Richard Ainley Easterlin (January 12, 1926 – December 16, 2024) was an American economist. A professor of economics at the University of Southern California, he is best known for the economic theory named after him, the Easterlin paradox. Another of his contributions is the Easterlin hypothesis about long waves of baby booms and busts.

==Background==
Easterlin was born in Ridgefield Park, New Jersey, on January 12, 1926. He studied engineering at the Stevens Institute of Technology and graduated with a degree in mechanical engineering with Distinction in 1945. He then completed an MA in economics in 1949 and his Ph.D. in economics in 1953 both at the University of Pennsylvania.

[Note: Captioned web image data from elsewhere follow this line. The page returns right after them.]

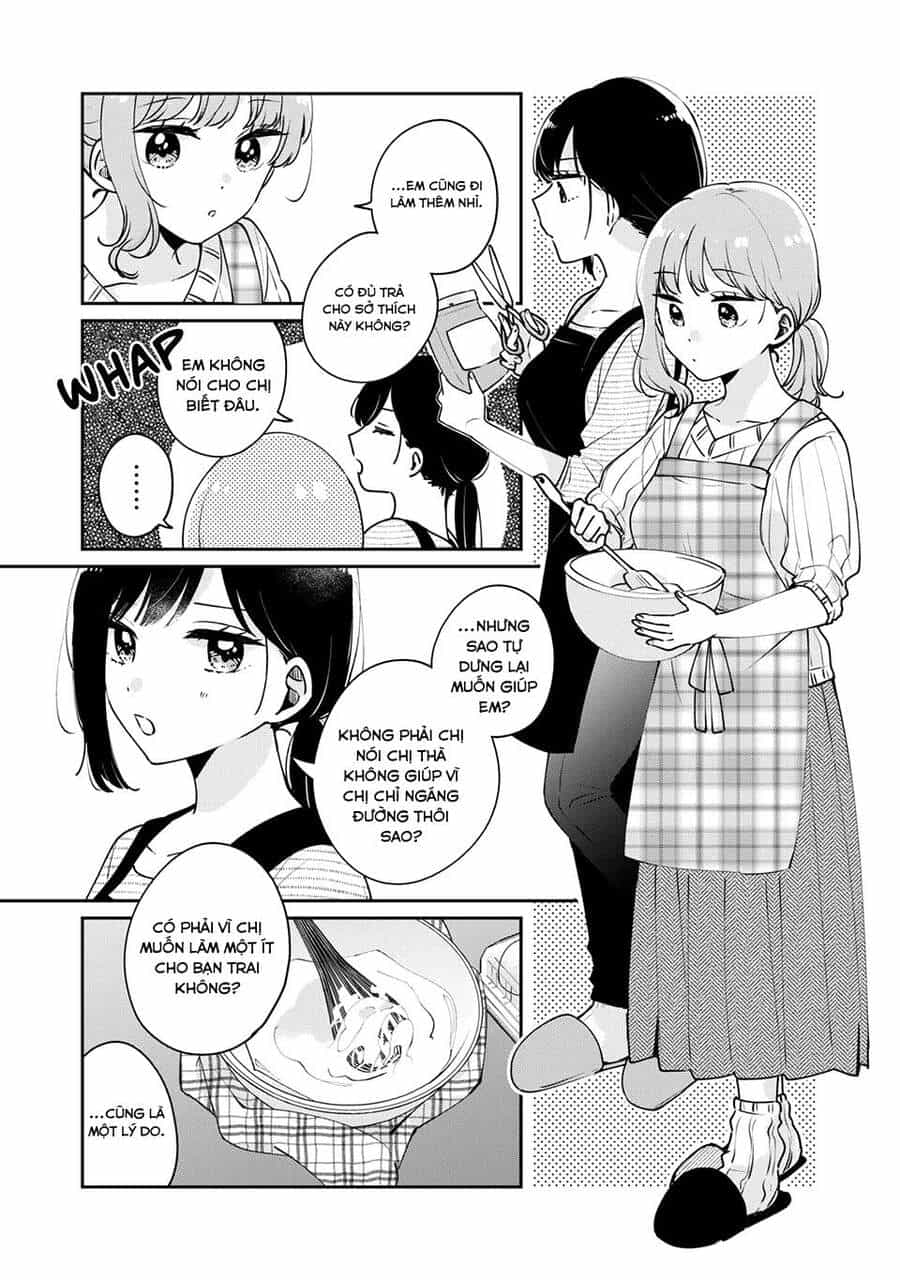 It's Not Meguro-San's First Time - Chương 41 - ảnh 6
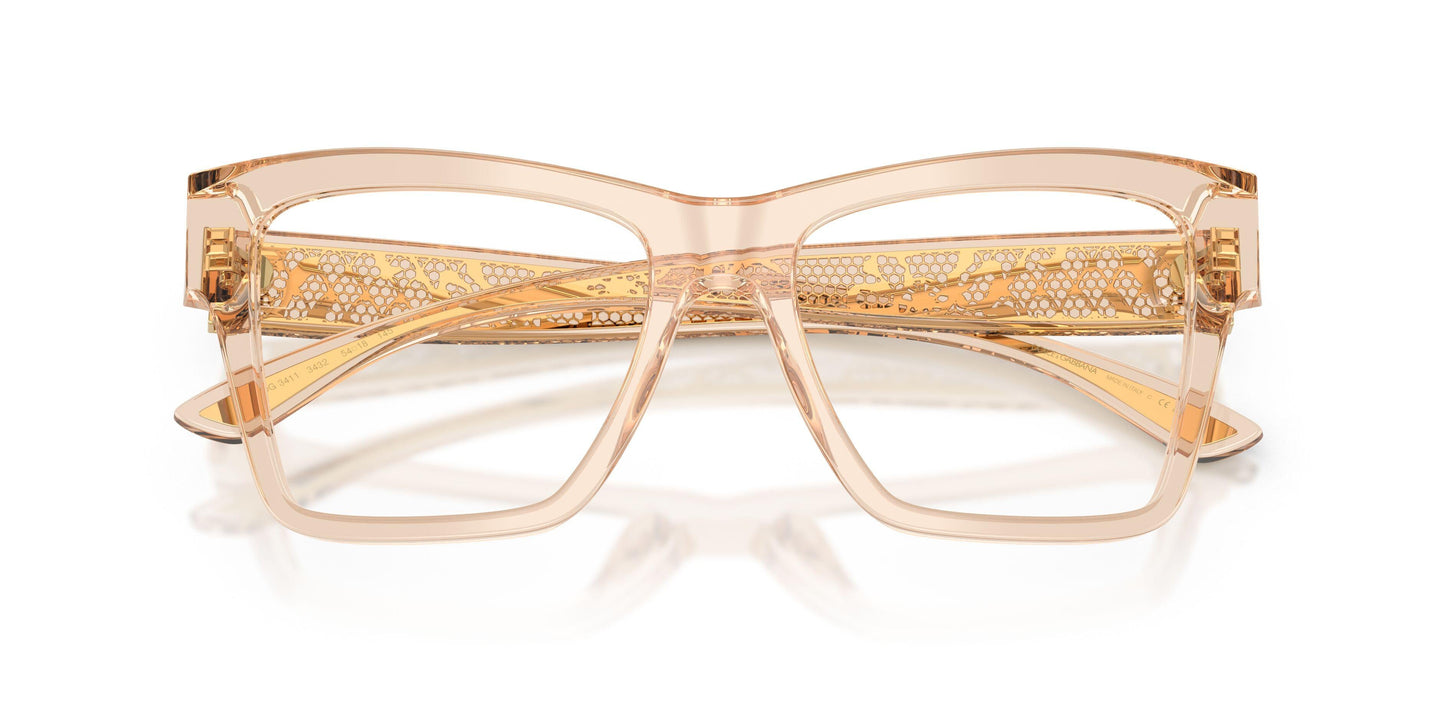 Dolse & Gabana  3411 Eyeglasses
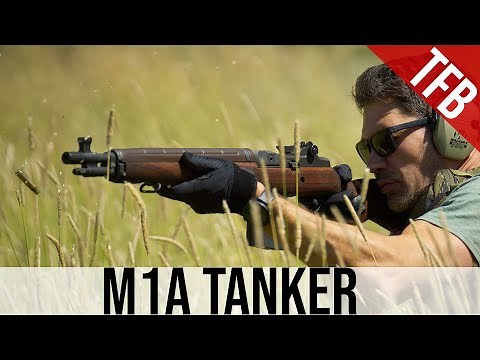 Why I Was Wrong About the Springfield M1A Tanker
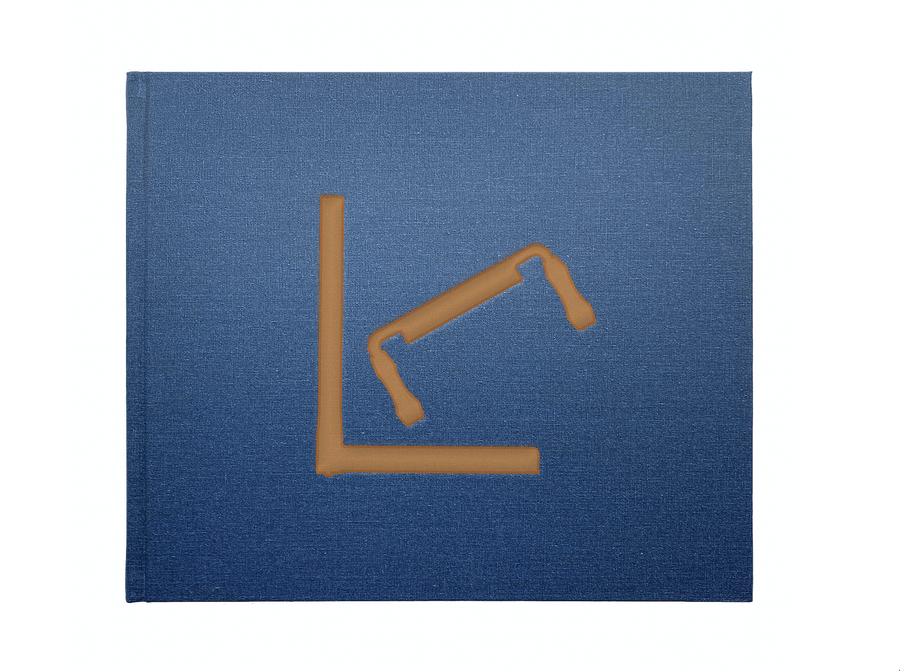 The LAP "Country Woodcraft: Then & Now" features a blue book cover with a graph-like cutout design and a stylized horse silhouette, ideal for hand-tool woodworkers.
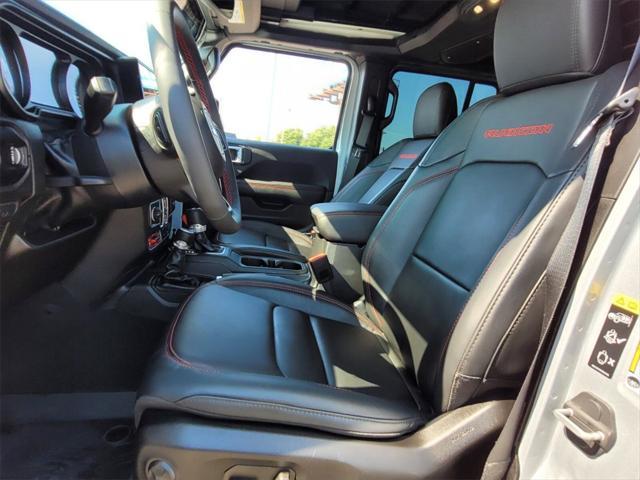 used 2024 Jeep Wrangler car, priced at $49,693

He became interested in demography and population studies through his participation as a research associate from 1953 to 1955 in the landmark Study of population Redistribution and Economic Growth in the United States conducted by Simon Kuznets and Dorothy Thomas.

Easterlin died in Pasadena, California on December 16, 2024, at the age of 98.

See biographical memoir from the National Academy of Sciences for additional details.

==Academic career==
Whilst completing his postgraduate studies, Easterlin worked as instructor from 1948 to 1953 at the University of Pennsylvania. After completing his Doctor of Philosophy he became an assistant professor of economics from 1953 to 1956. He was also a Research Associate of the National Bureau of Economic Research from 1955 to 1956. From 1956 to 1960 he was an associate professor of economics and also a visiting professor at Stanford University in 1960 to 1961. From 1956 to 1966 he was also a member of the Research Staff National Bureau of Economic Research. He was then a full professor of economics from 1960 to 1978 and was the William R. Kenan Jr. Professor in Economics at the University of Pennsylvania from 1978 to 1982. His students included Morton Schapiro.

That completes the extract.